BBC Radio 4 Documentary
|Sleeping With The Past (1989)|
Supposedly in the style of 60s and 70s soul music, but it's really more of the same. The biggest soul influence seems to come from George Michael, and some Drifters feel on Club At The Of The Street. Sacrifice was released as a single and became his first proper number one in the UK (he previously had a number one as part of Elton John & Kiki Dee, but Sacrifice was his first under his own name only).
|The One (1992)|
I think I'm losing the will to live. It's not that the songs are bad or unlistenable, it's just that they are so unimaginative, and simply plod along. This one is interesting because you can hear the emergence of the melodies that Elton will use on The Lion King.

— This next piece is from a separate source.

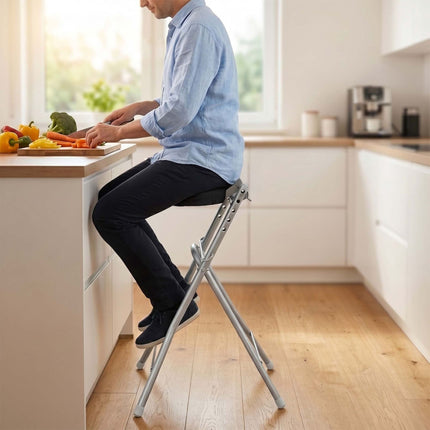 Ergonomic Adjustable Standing Stool, Black/Silver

From the late 80s onwards it was popular for artists to release albums in which they duet with a range of other singers. This was Elton's attempt. Interesting selection of singers, including k.d. lang, PM Dawn, Little Richard, and Leonard Cohen.

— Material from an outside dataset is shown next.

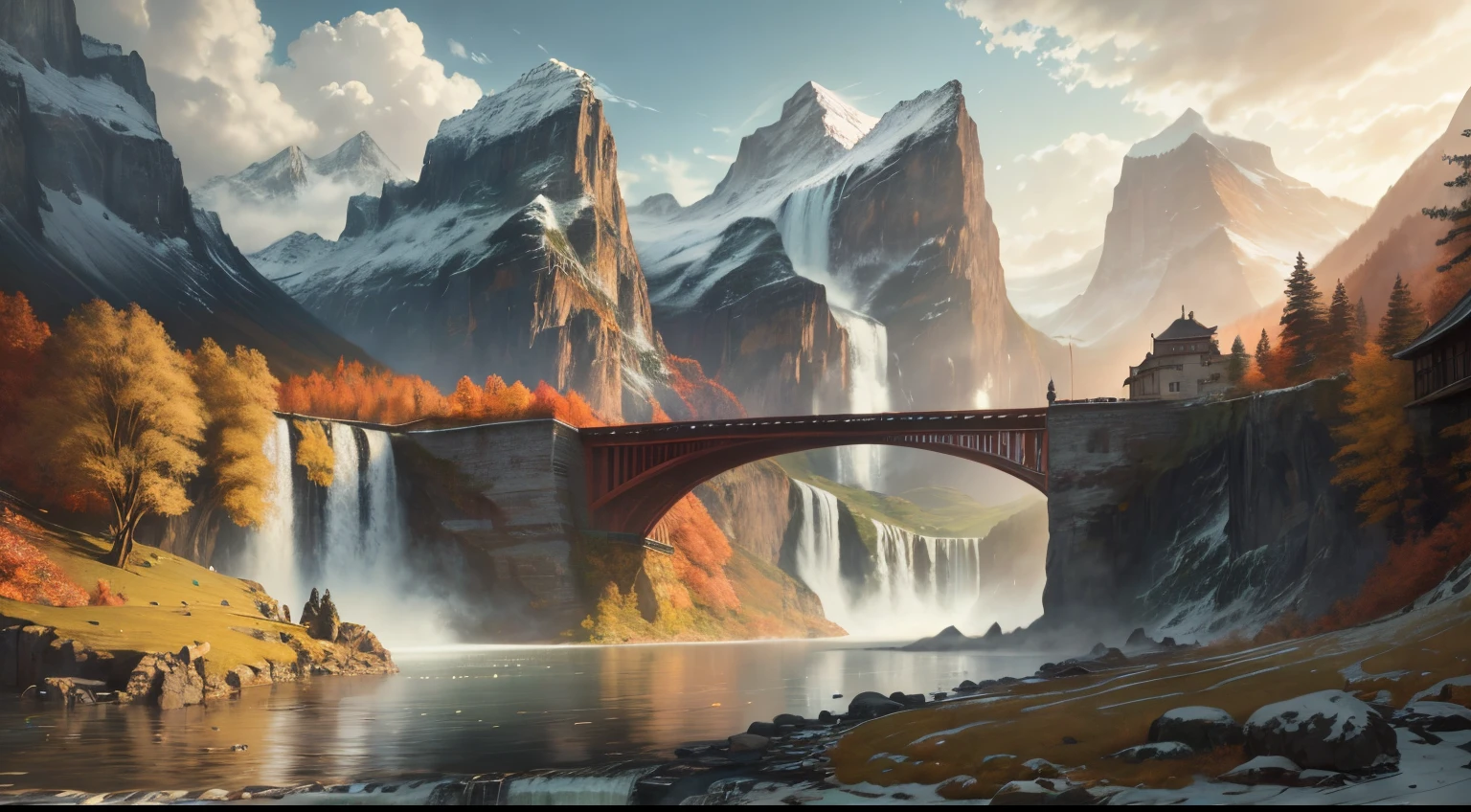 there is a painting of a waterfall and a bridge in the mountains, beautiful art uhd 4 k, 4k highly detailed digital art, detailed painting 4 k, detailed scenery —width 672, a beautiful artwork illustration, 8k stunning artwork, 4k detailed digital art, beautiful digital painting, 8k high quality detailed art, digital painting highly detailed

This is likeable and listenable, and a blessed relief from listening to the same old same old same old same old plodding songs that Elton churned out over the years. What is really brought home on this album is that Elton isn't really a good singer, his voice is pleasant, homely and warm, and that's what works on the ballads, and he is able to raise his voice to do competent pub rockers.
Rating: 4 1/2
|The Lion King (Soundtrack - 1994)|
Elton only supplied four songs, the bulk of the soundtrack was done by Hans Zimmer, but two of those songs are Circle of Life, and Can You Feel the Love Tonight, which have very evocative melodies. The lyrics are more polished than Bernie's, though pretty much in the same area - superficial, but effective. This is not my style of music, and at times I find the songs cringe-worthy, but also, at times, I find them very moving and effective.
|Made in England (1995)|
Elton kept trying to resurrect his early 1970s sound by returning to musicians he had used back then. Though the end result here is essentially more of the same 80s and 90s empty melodies. It is pleasant enough, and there is a feeling of genuine warmth, but its little better than average.
|The Big Picture (1997)|
Slips back to the same old stuff. "Something About The Way You Look Tonight" is the best offering, and it's full of the same musical lines he's done before. And the lyrics are trite. And, as with much of their stuff, it's a little less than whatever they're copying. - in this case one of the sources is likely to be "Wonderful Tonight" by Clapton.
|"Candle In The Wind" (1997)|
Elton John and Tim Rice's "Aida"
(Musical - 1999)
With or without the big name stars this is still same old same old.
|The Muse (Soundtrack - 1999)|
It's a light and pleasant soundtrack, and works quite well - but it is a soundtrack, not something you would sit down and listen to at home. There are samples in the AllMusic review.
|The Road to El Dorado (Soundtrack - 2000)|
A trait of Elton John is his attempts to redo something that worked rather than moving on and trying something new. Through much of the 80s he was trying to recapture his early 70s work. Through the 90s he was trying to recapture the Lion King. Here's another attempt, and another failure. It's competent, but uninspired and dull.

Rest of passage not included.